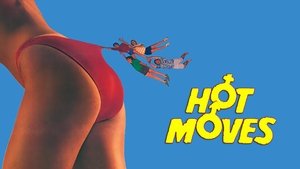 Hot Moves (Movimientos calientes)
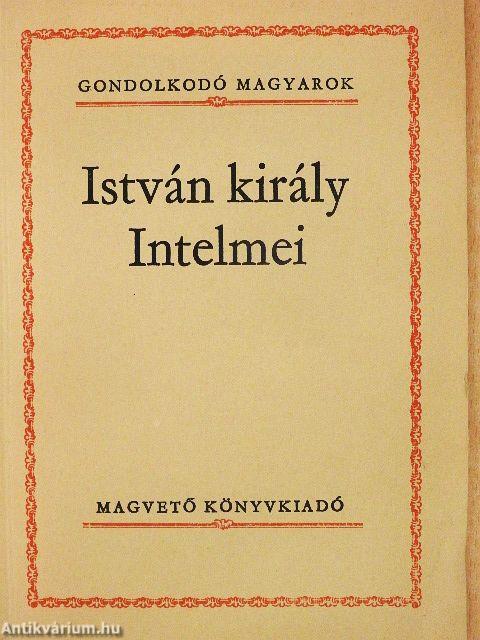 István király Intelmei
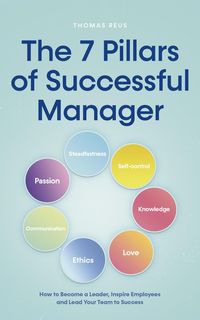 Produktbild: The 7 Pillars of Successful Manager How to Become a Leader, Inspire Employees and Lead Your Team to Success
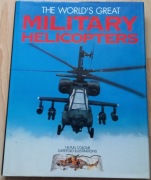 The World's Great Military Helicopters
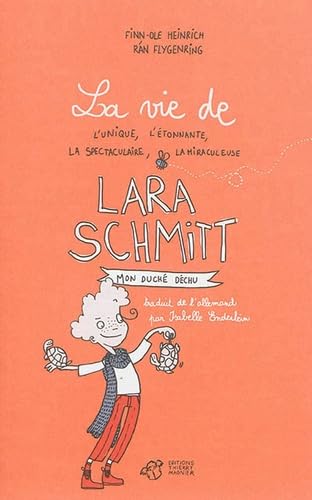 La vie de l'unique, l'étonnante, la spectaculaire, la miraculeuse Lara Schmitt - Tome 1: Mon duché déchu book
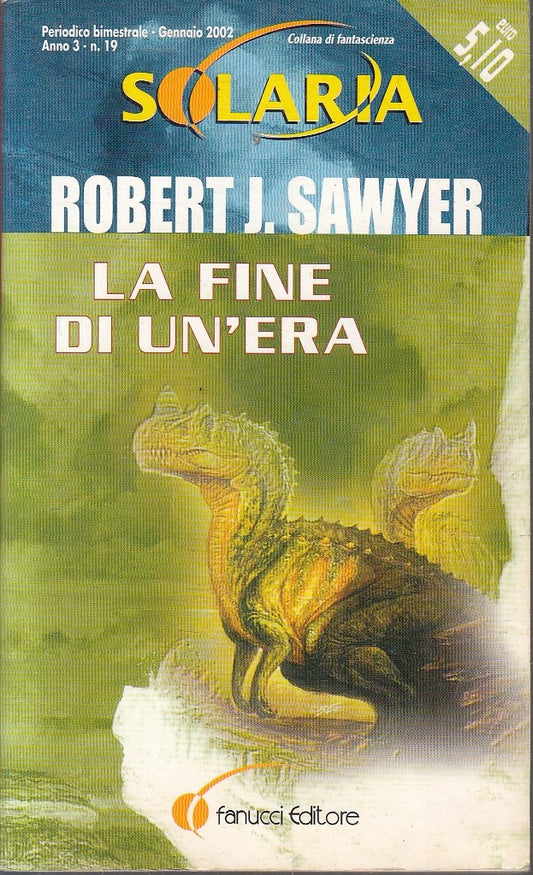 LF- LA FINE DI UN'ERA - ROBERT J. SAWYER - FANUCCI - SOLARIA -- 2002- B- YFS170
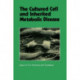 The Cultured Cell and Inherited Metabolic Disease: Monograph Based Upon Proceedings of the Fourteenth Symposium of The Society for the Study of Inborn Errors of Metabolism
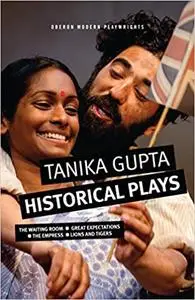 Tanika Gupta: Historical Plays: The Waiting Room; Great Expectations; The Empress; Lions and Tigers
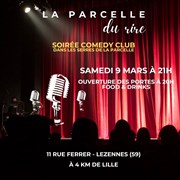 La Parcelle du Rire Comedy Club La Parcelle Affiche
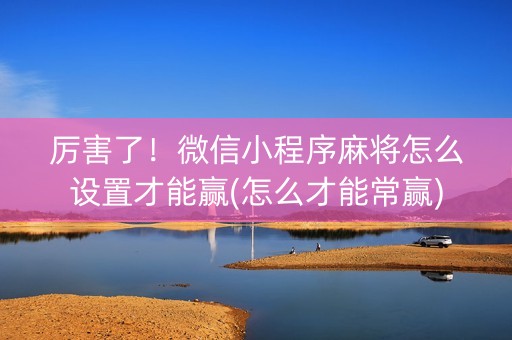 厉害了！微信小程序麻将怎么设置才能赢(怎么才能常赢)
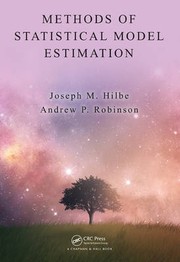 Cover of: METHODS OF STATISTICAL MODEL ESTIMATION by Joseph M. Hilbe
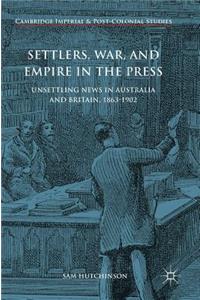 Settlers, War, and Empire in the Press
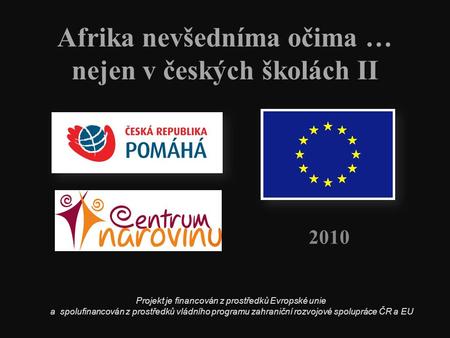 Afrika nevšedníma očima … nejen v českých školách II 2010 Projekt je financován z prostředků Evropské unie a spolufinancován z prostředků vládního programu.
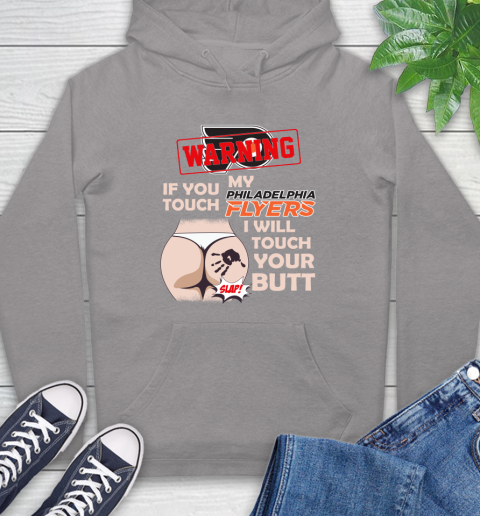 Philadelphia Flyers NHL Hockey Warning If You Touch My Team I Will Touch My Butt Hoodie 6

§ TASK
Word for word, give the entries above again, with no images included.

§ COMPLETED TASK
 Hot Moves (Movimientos calientes)
 István király Intelmei
 Produktbild: The 7 Pillars of Successful Manager How to Become a Leader, Inspire Employees and Lead Your Team to Success
 The World's Great Military Helicopters
 La vie de l'unique, l'étonnante, la spectaculaire, la miraculeuse Lara Schmitt - Tome 1: Mon duché déchu book
 LF- LA FINE DI UN'ERA - ROBERT J. SAWYER - FANUCCI - SOLARIA -- 2002- B- YFS170
 The Cultured Cell and Inherited Metabolic Disease: Monograph Based Upon Proceedings of the Fourteenth Symposium of The Society for the Study of Inborn Errors of Metabolism
 Tanika Gupta: Historical Plays: The Waiting Room; Great Expectations; The Empress; Lions and Tigers
 La Parcelle du Rire Comedy Club La Parcelle Affiche
 厉害了！微信小程序麻将怎么设置才能赢(怎么才能常赢)
 Cover of: METHODS OF STATISTICAL MODEL ESTIMATION by Joseph M. Hilbe
 Settlers, War, and Empire in the Press
 Afrika nevšedníma očima … nejen v českých školách II 2010 Projekt je financován z prostředků Evropské unie a spolufinancován z prostředků vládního programu.
 Philadelphia Flyers NHL Hockey Warning If You Touch My Team I Will Touch My Butt Hoodie 6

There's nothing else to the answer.